(Records for this exercise Opens)
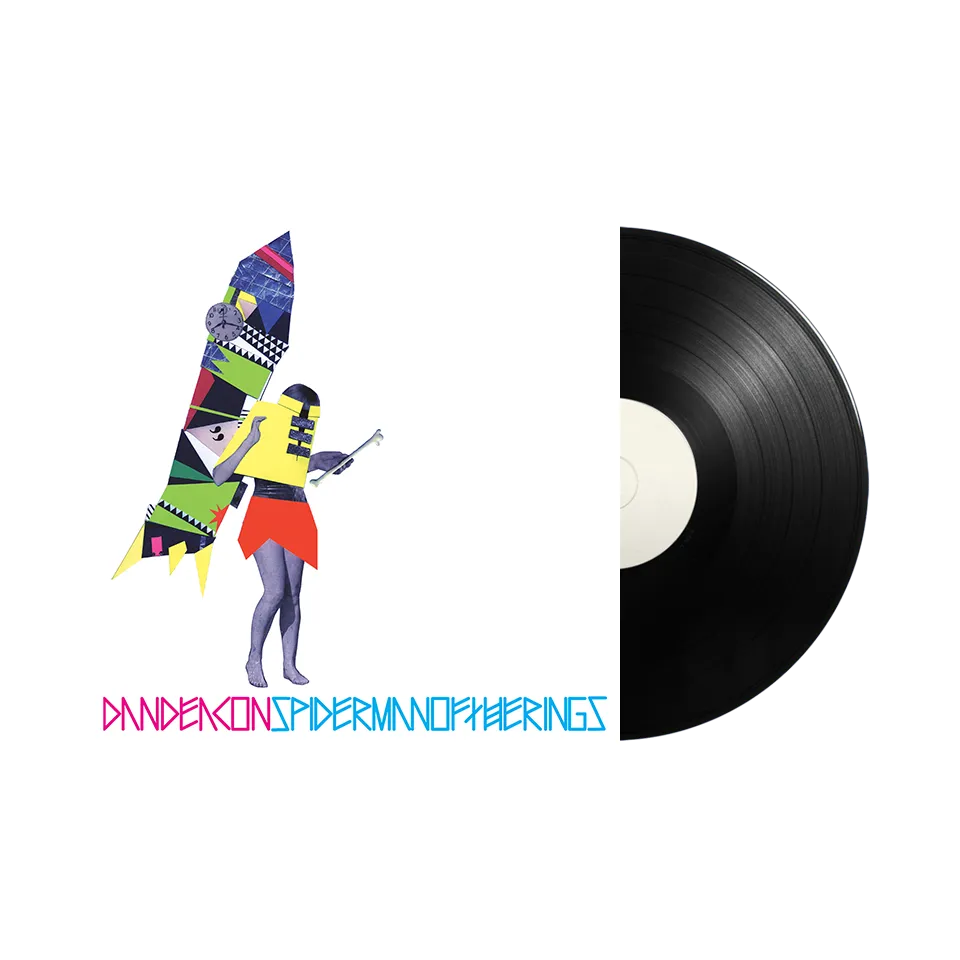 Dan Deacon / Spiderman of the Rings LP Vinyl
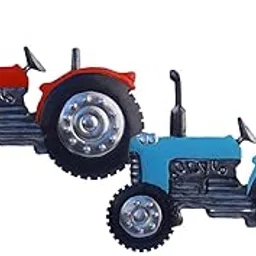 Jazzy Pearls® 2Pcs Simulation Iron Tractor Hanging Decorations Wall Art Decor Lifelike|Home & Garden | Yard, Garden & Outdoor Living | Garden Décor| Statues & Lawn Ornaments-image-11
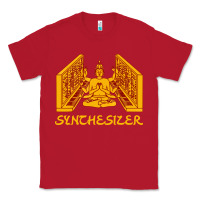 Red shiva hinduism modular synthesizer synth Classic Tee - artisFamous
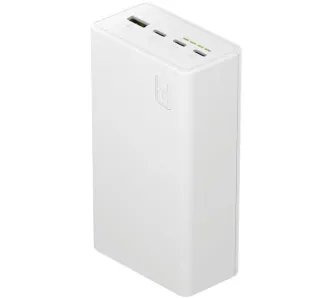 Powerbank Green Cell PowerPlay 30 PBGC30W 30000mAh 22.5W Biały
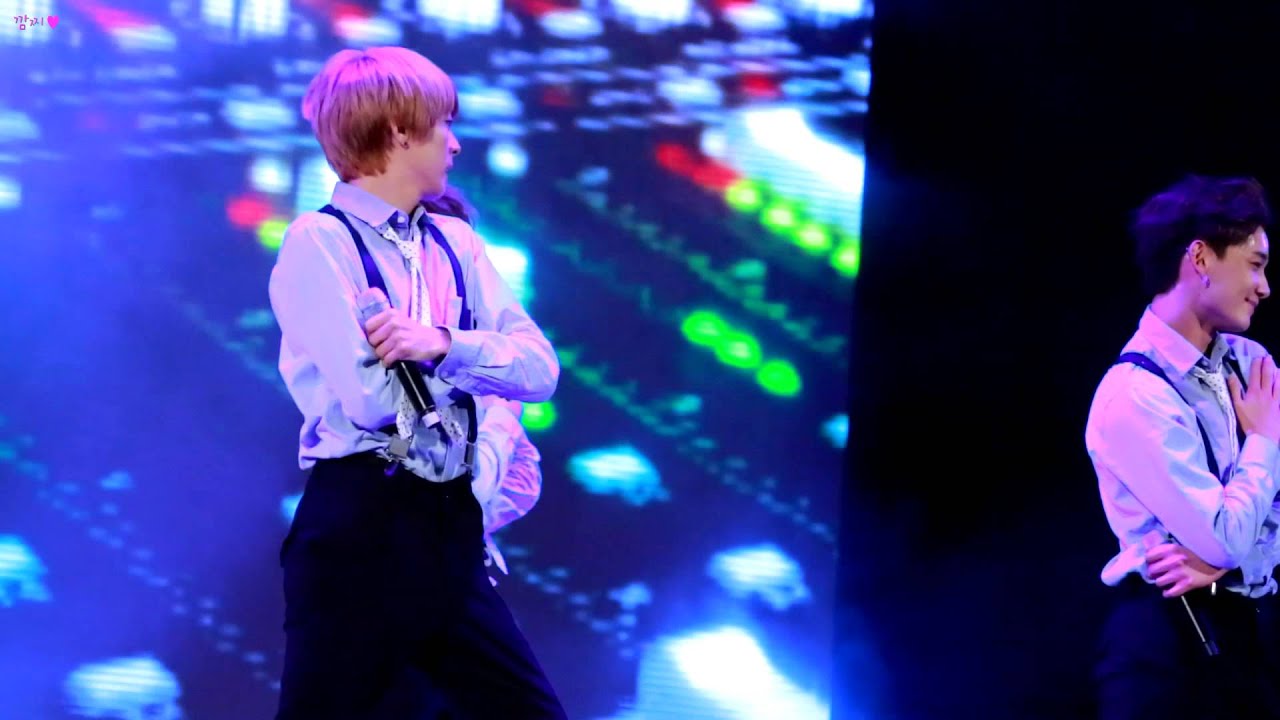 [131116]롯데월드 수능콘서트 에이프린스(A-PRINCE) - Hello - YouTube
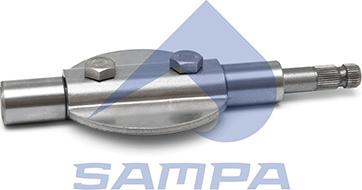Sampa 208.343 - Випускна заслінка, моторне гальмо autocars.com.ua
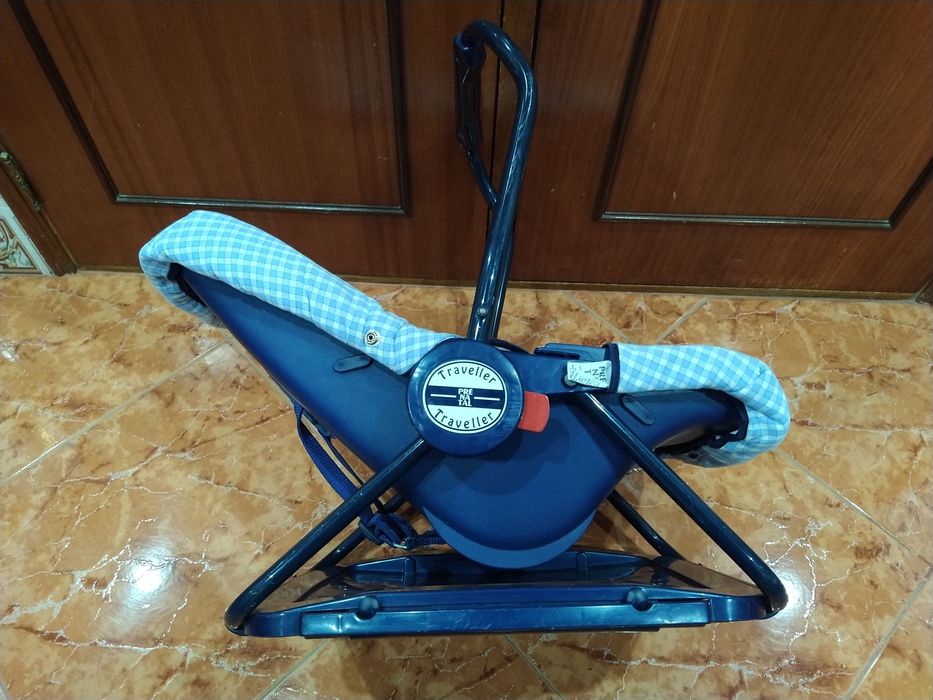 Ovo cadeira auto para bebé baloiço carro casa quarto apartamento viven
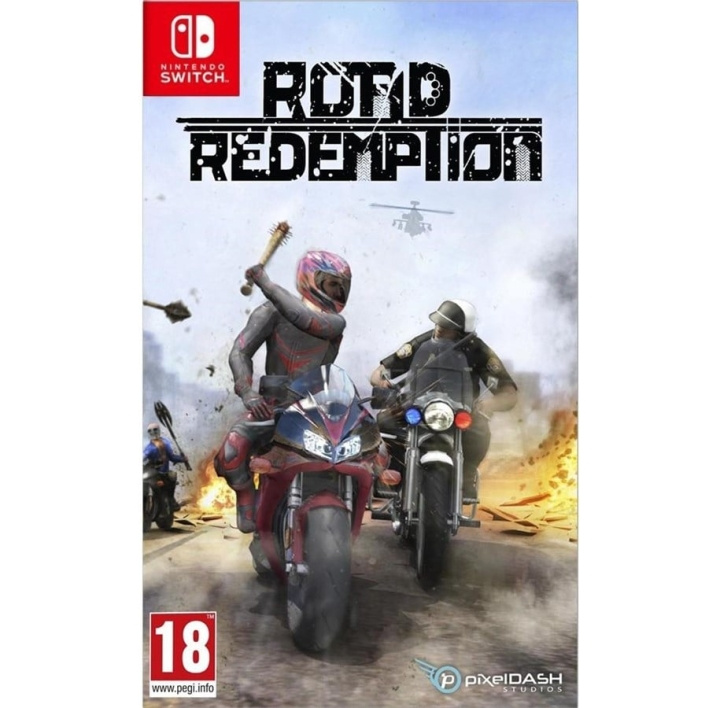 Road Redemption (Switch) i gruppen HJEMMEELEKTRONIK / Spilkonsoller og tilbehør / Nintendo Switch / Spil hos TP E-commerce Nordic AB (D17293)
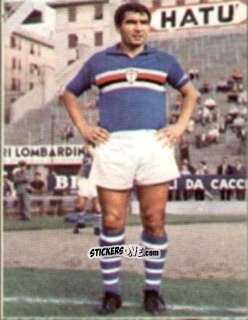 Sticker Guido Vincenzi - Campionato di Calcio 1967-1968
 n. SAM7 - PERSICO
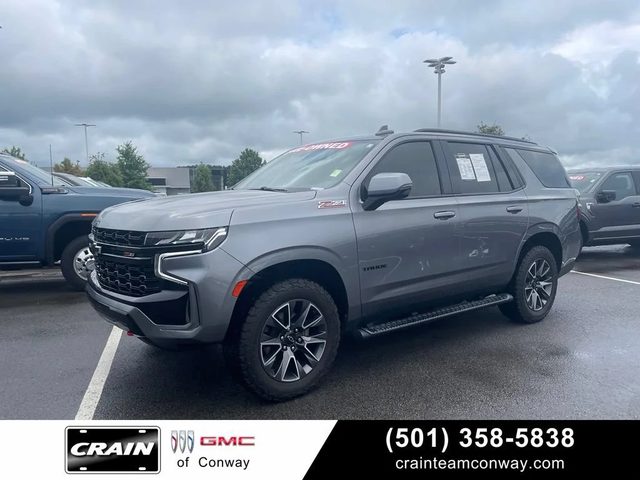 2021 Chevrolet Tahoe Z71 4WD photo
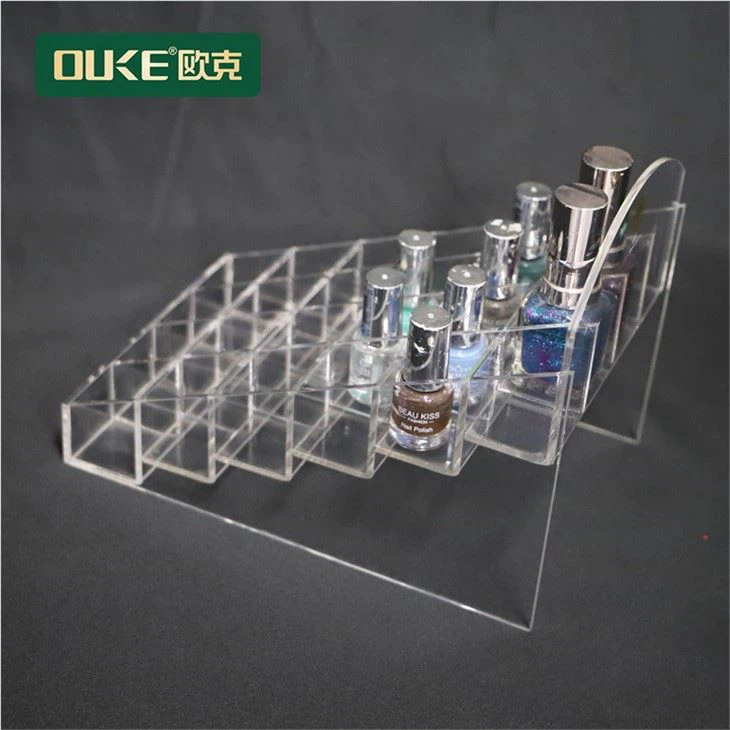 24 Grids Acrylic Nail Polish Display Stand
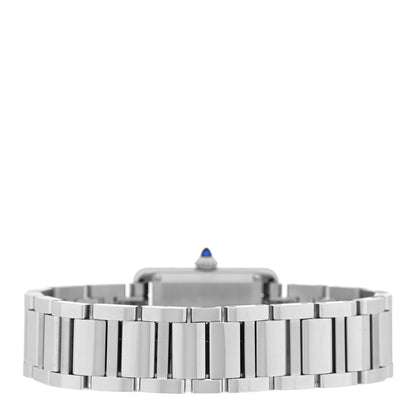 Cartier Stainless Steel 22mm Tank Must Quartz Watch 3 of 5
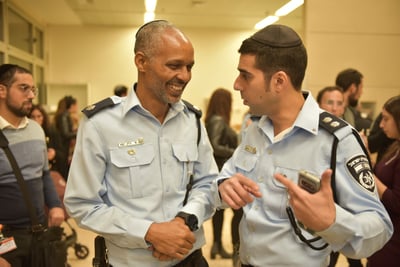 ערב הוקרה למאות החרדים המשרתים במשטרת ישראל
(Records for this exercise Closes)
• [Assignment]
From the line that contains "Powerbank Green Cell" to the final line of the entries, reproduce every line exactly, both ends included. Leave out all pictures.

• [Solution to the problem]
 Powerbank Green Cell PowerPlay 30 PBGC30W 30000mAh 22.5W Biały
 [131116]롯데월드 수능콘서트 에이프린스(A-PRINCE) - Hello - YouTube
Sampa 208.343 - Випускна заслінка, моторне гальмо autocars.com.ua
 Ovo cadeira auto para bebé baloiço carro casa quarto apartamento viven
 Road Redemption (Switch) i gruppen HJEMMEELEKTRONIK / Spilkonsoller og tilbehør / Nintendo Switch / Spil hos TP E-commerce Nordic AB (D17293)
 Sticker Guido Vincenzi - Campionato di Calcio 1967-1968
 n. SAM7 - PERSICO
 2021 Chevrolet Tahoe Z71 4WD photo
 24 Grids Acrylic Nail Polish Display Stand
 Cartier Stainless Steel 22mm Tank Must Quartz Watch 3 of 5
 ערב הוקרה למאות החרדים המשרתים במשטרת ישראל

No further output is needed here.